もし、問題のある状況のまま手術をしてしまったら、麻酔の効きが悪かったり、麻酔がらさめなかったり、最悪の場合そのまま起きずに亡くなってしまうケースもありえるかもしれません。
ほかの病気がないか確認するため
血液検査は行う項目によって、わかることも変わりますが、多くの病院で行っている血液検査は、
・貧血はないか
・止血作用は働くか
・感染症にかかってないか
・血糖値が高くないか・低くないか
・コレステロール・中性脂肪は高くないか
・タンパクは高くないか・低くないか
・腎不全はないか
・肝障害はないか
などなど、多くの身体の状態がわかります。
貧血や止血は、出血が確実に起こる手術にとっては重要なことは明らかですが、
その他の血液検査はそんなに必要があるか疑問に思う方も少なくないかもしれません。
しかし、思いのほか、それぞれの血液検査の結果が手術の結果を左右する場合があります。
・感染症は子宮に膿がたまった子宮蓄膿症の場合もあり、手術のリスクが上がり、手術の手技や準備するものが変わってきます。
・高血糖の場合、糖尿病の可能性もあり、手術のリスクが上がりますし、先にインスリンの治療開始が必要になります。
・コレステロールが高い場合は肥満状態の可能性があり、麻酔のリスクが上がります。
といった、少しの血液検査の結果で猫の病気が発見され、それが手術がうまくいくかどうかに関わっている場合があるのです。
特に気をつけたい「腎臓」
若い猫ちゃんはあまりないですが、10歳以上の高齢の猫ちゃんは、「腎臓病」になる可能性が高いと言われています。
腎臓病かどうかは、血液検査で発見されることが多いでしょう。(一般的に簡易的に行われる腎層の値に高値が出ている場合は、既に腎不全が進行しているケースが多いため、一緒に超音波の検査や尿検査、さらに早期で腎機能の悪化がわかる血液検査を行う場合もあります)

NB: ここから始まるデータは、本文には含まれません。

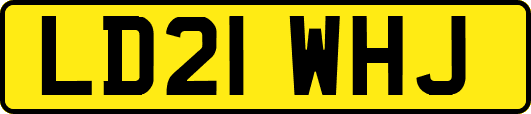 LD21WHJ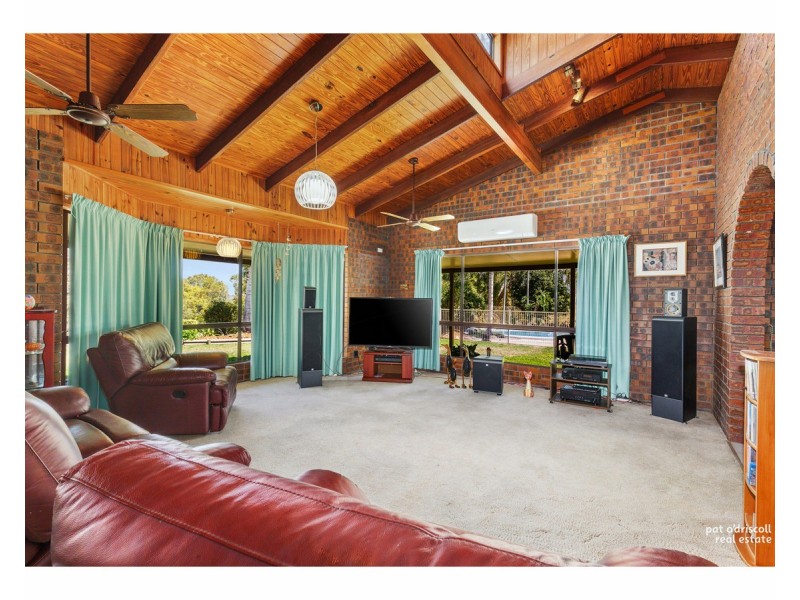 138 Julie Anne Drive, Glendale QLD 4711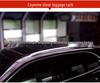 Roof Rack for Cayenne: Fits 2018, 2020, and 2022 Models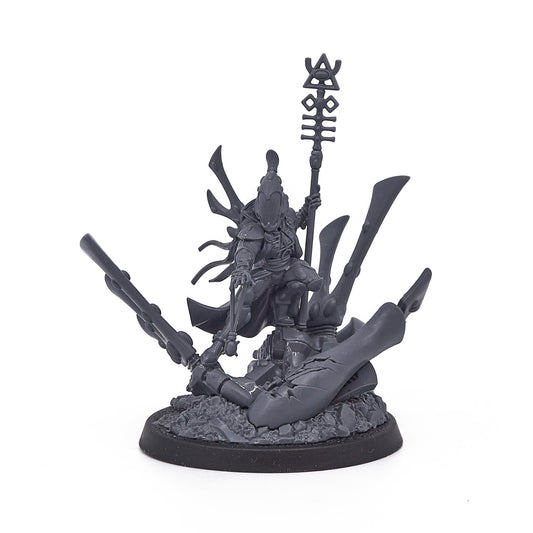Aeldari - Infinity's Lament (18922-V) - Used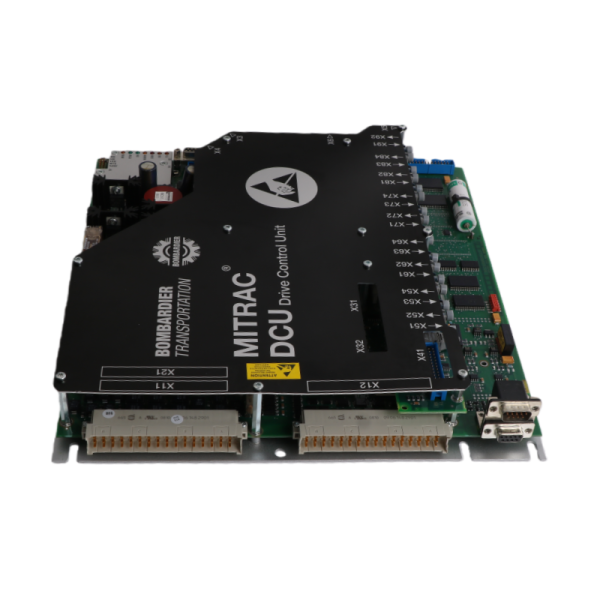 ABB |DCC2382A 3EST125-975|Interface board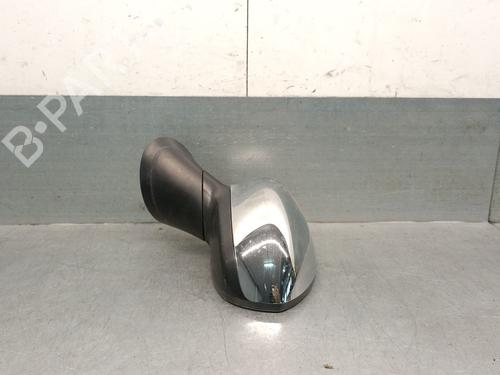 Left mirror FIAT 500 (312_) 1.2 (312AXA1A) | BP29498961C26 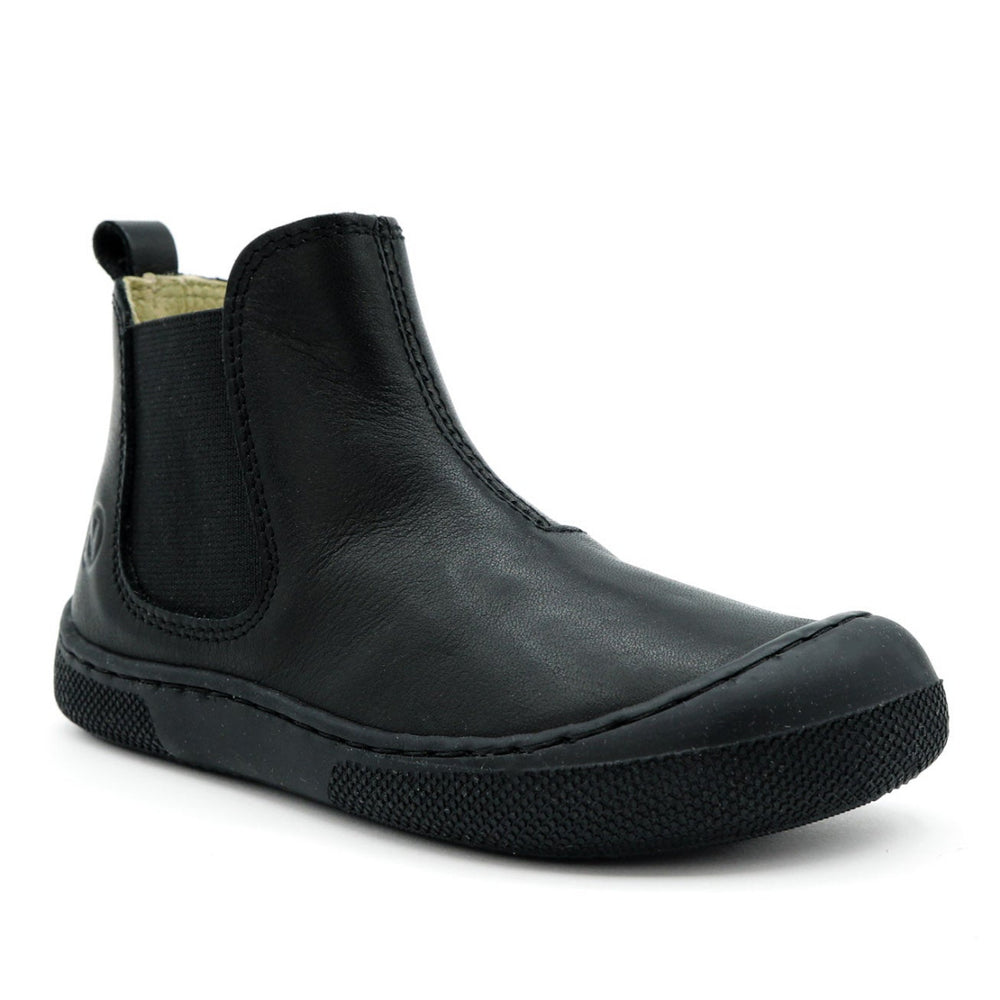 Naturino Barefoot Saik negro
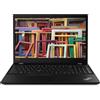 Lenovo ThinkPad T590 | i7-8565U | 15.6 | 4 GB | 128 GB SSD | FP | Illuminazione tastiera | Win 11 Pro | DE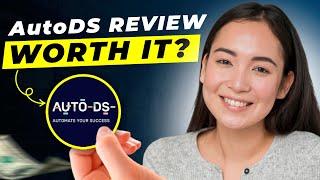 Is AutoDS Worth It | AutoDS Dropshipping Review 2024 | Everything You Need To Know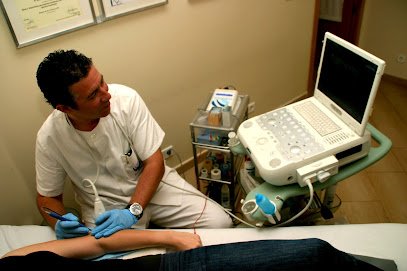 foto de Jim Fisioterapia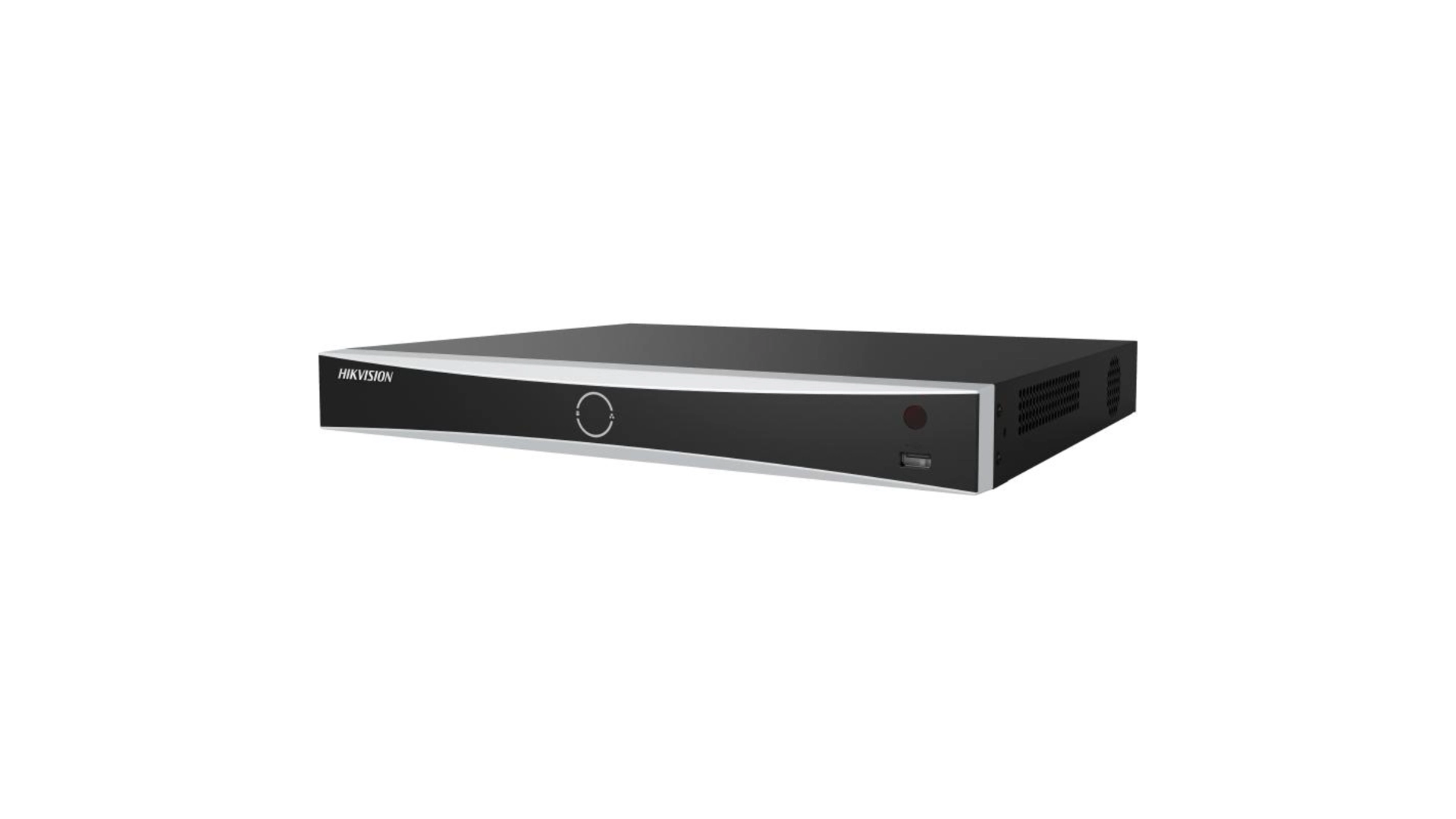 NVR 16 Canaux Hikvision AcuSeek POE Vpro 4K - DS-7616NXI-I2/16P/VPro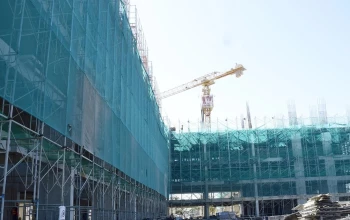 Cảnh báo chiêu trò 'đặt cọc, giữ chỗ' nhà ở xã hội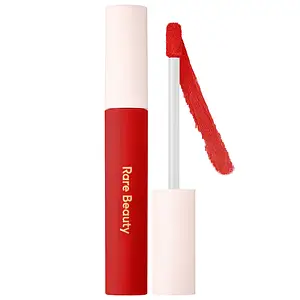 Rare Beauty Lip Soufflé Matte Lip Cream Inspire
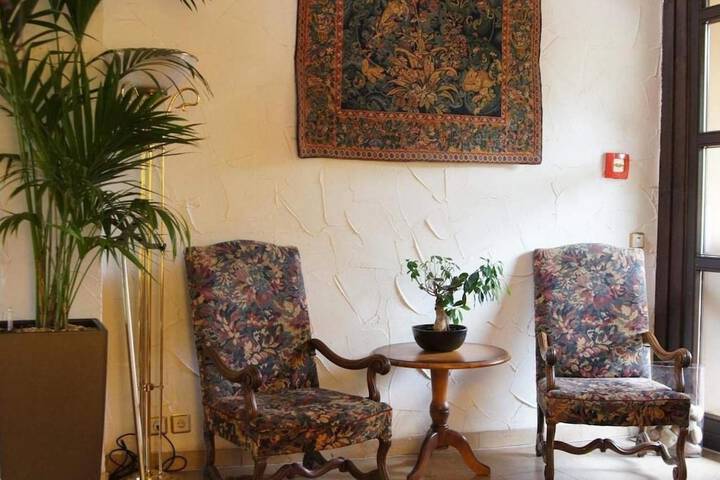 Hotel Interior 2 of 38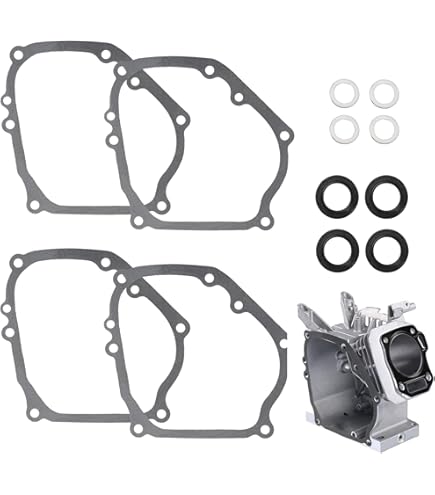 まり Amazon.com: Honda 11381-ZH7-800 Gasket Case Cover : Automotive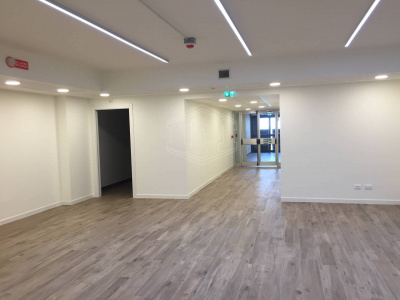 Uffici in Milanofiori - Strada 4, Palazzo A6 - Assago (MI)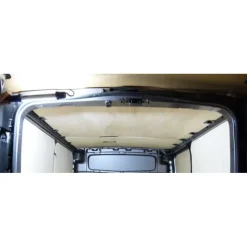 Sale Kitutilitaire Kit bois | Trafic 3
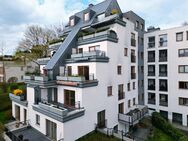 Großzügiges 1-Zimmer-Appartement mit Tiefgaragenstellplatz in KS-Wolfsanger - Kassel
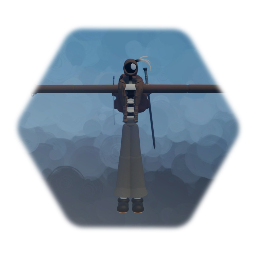 The Wandering collector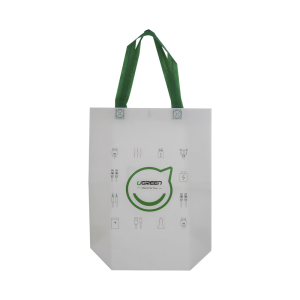 ( SOUVENIR ) BOLSAS DE MANO DE NYLON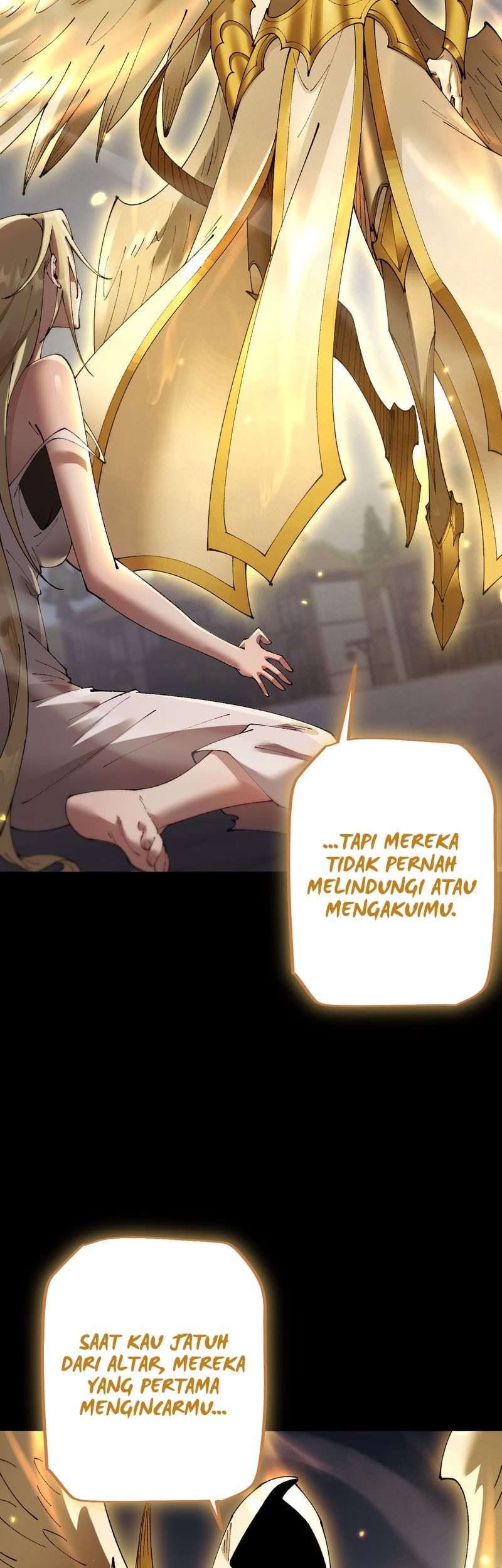 From Goblin To Goblin God Chapter 63 Halaman 48
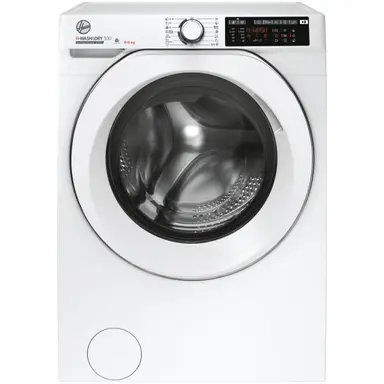 Hoover HD 496AMC/1-80 9kg Wet 6kg Dryer Washer Dryer. H-Wash & Dry 500, White, A/D Rated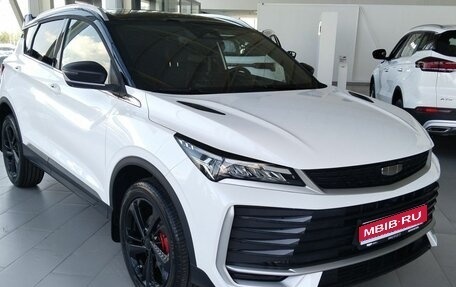 Geely Coolray I, 2026 год, 2 914 990 рублей, 1 фотография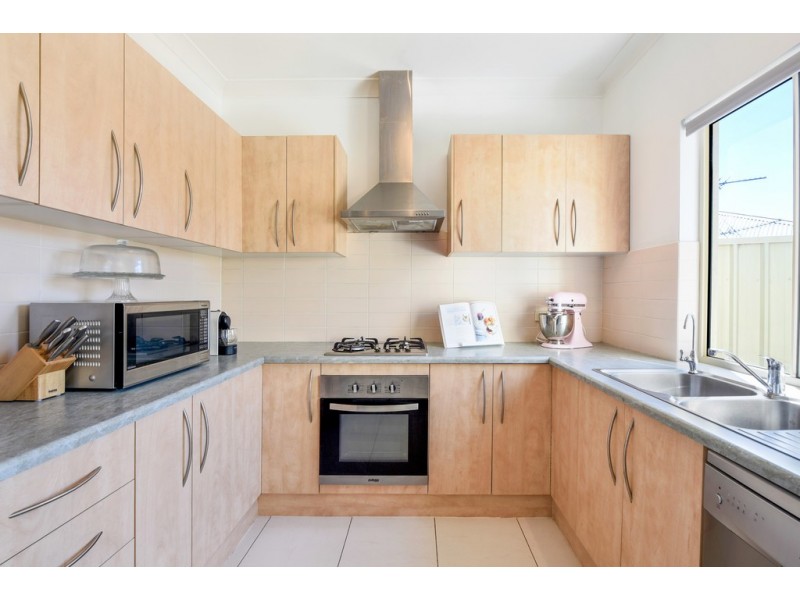 1 Kurrajong Place, Seacombe Gardens SA 5047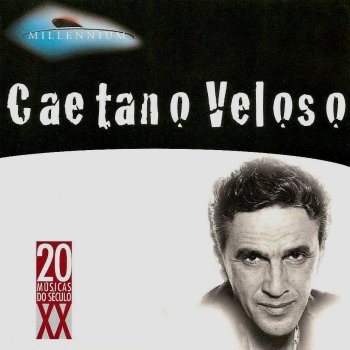 Caetano Veloso A Luz de Tieta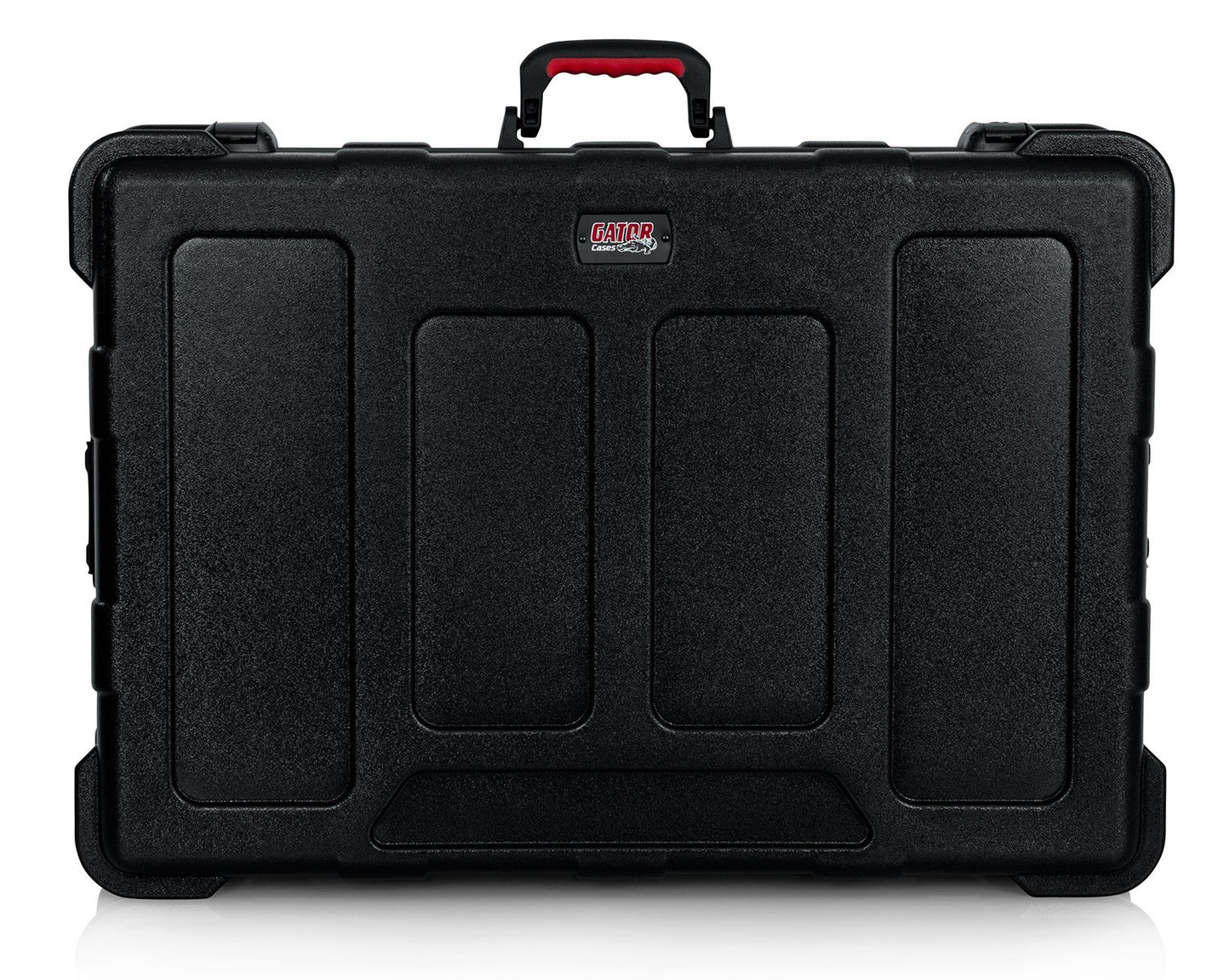Gator Cases Molded Flight Case for Mixers up to 20" x 30" x 6" with TSA Approved Locking Latch; (GTSA-MIX203006)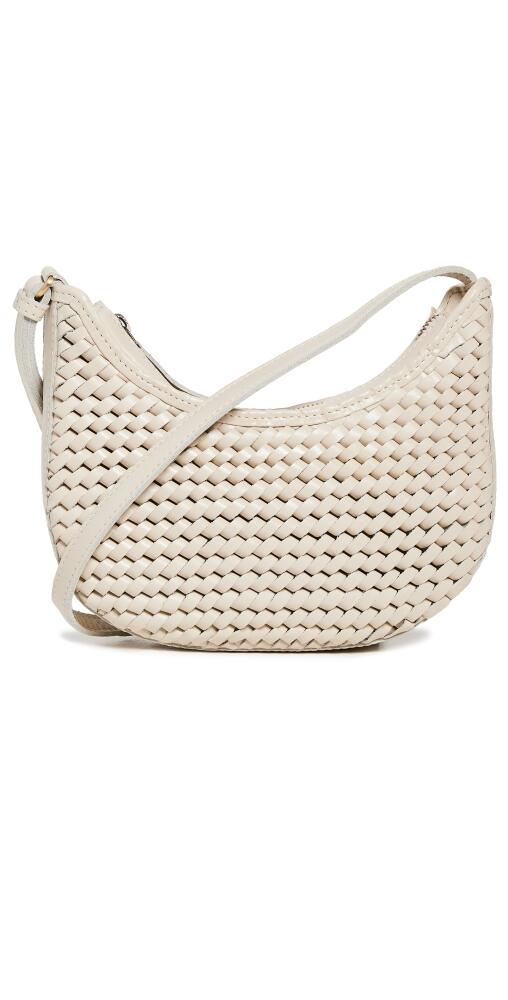 Bembien Mini Sling Bag Cream Cover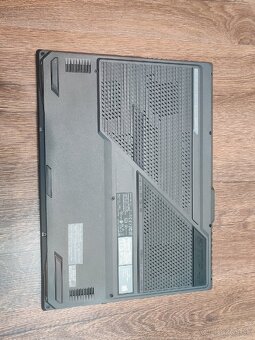 ASUS ROG G513 | Ryzen7, RTX3060, 16/1000Gb - 4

早期の発見、早いうちからの治療、食生活の改善などが重要な病気です。
そして、この病気の怖い部分は一度悪くなった腎臓はもとに戻ることはほぼないということです。
後々後悔しないためにも、去勢手術・避妊手術を行うことが多い若齢のうちから血液検査で猫ちゃんの血液の正常値を把握しておいて、毎年定期的に確認し、少しでも悪化や変化があれば、できる予防方法や治療を進めていくことをお薦めします。
まとめ
何はともあれ、血液検査は安全に手術を終えるためのツールです。
問題なく手術ができるように血液検査を行いましょう。